If superheroes are one of the ultimate expressions of individualism, what are we to make of Ant-Man, a Marvel Comics character based on one of the least individual, most collective creatures on the planet?
Ant-Man can shrink to the size of an ant — and, in the movie which opens this weekend, ants are his greatest allies. "The ants are loyal, brave and will be your partners on this job," explains the scientist who invented Ant-Man's supersuit.
It was the job of Jake Morrison, the movie's visual effects supervisor, to make ants, of all creatures, relatable. "We want the ants to be a character in this movie," he says. "In the sense that we want people to feel for them, be rooting for them."
Two years ago, Morrison threw himself into researching ants. He spent a lot of time peering through microscopes and lying on floors to understand how to represent them both accurately, and aesthetically.
"First and foremost, it's hair," he says.

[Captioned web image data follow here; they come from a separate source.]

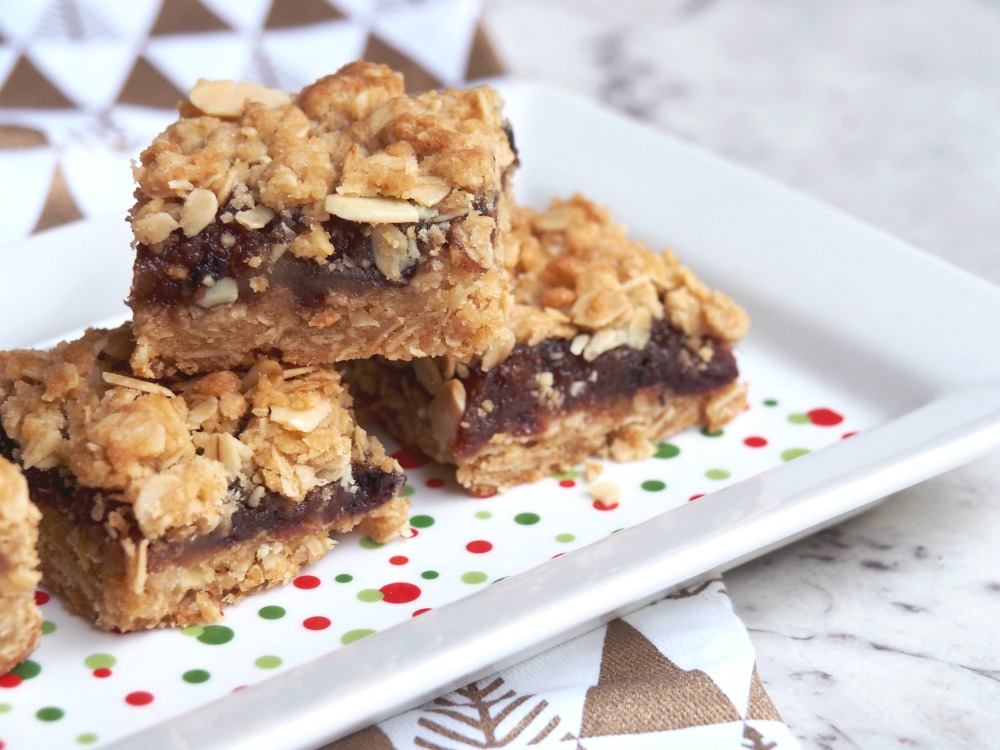 easy christmas fruit mince slice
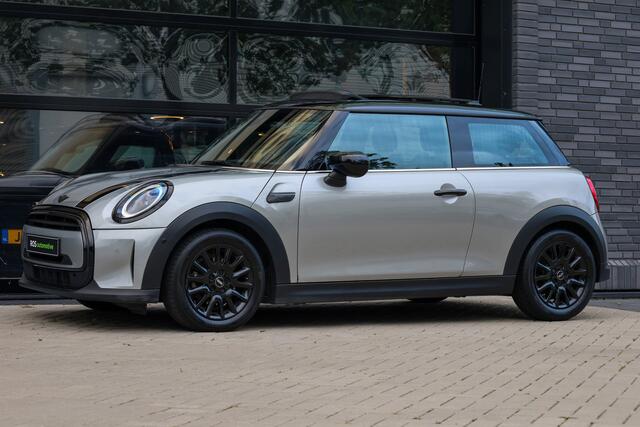 Mini COOPER 3-Deurs 1.5 Classic | PANO | HUD | CAMERA | KEYLESS | LEDER |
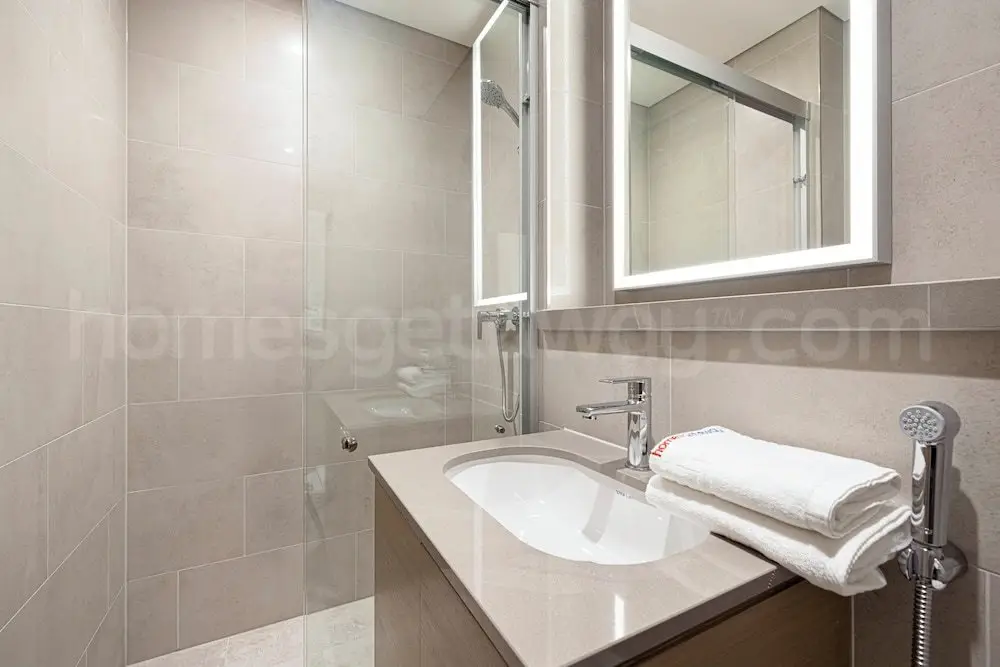 Дубай: HomesGetaway-Cozy 1BR Apt in Sobha Waves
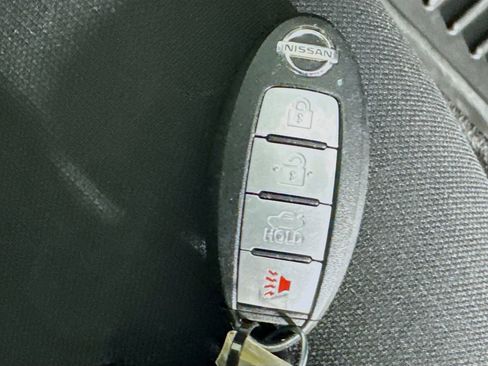 Used 2022 Nissan Sentra SV image 34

It turns out that ants are covered with hairy spikes. Morrison and his team found a variety of ant from the Saharan desert with beautiful hair — silver and downy. They adapted it for some of the friendly ants in the movie. And the visual effects jiggered the way one kind of ant moves. It's less like an insect, and more like a puppy, Morrison said.
"We give them this springy, bouncy aspect to them," he says. The ants — all of which are CGI — are undeniably cute. "It's really hard not to get attached to them over the course of the project."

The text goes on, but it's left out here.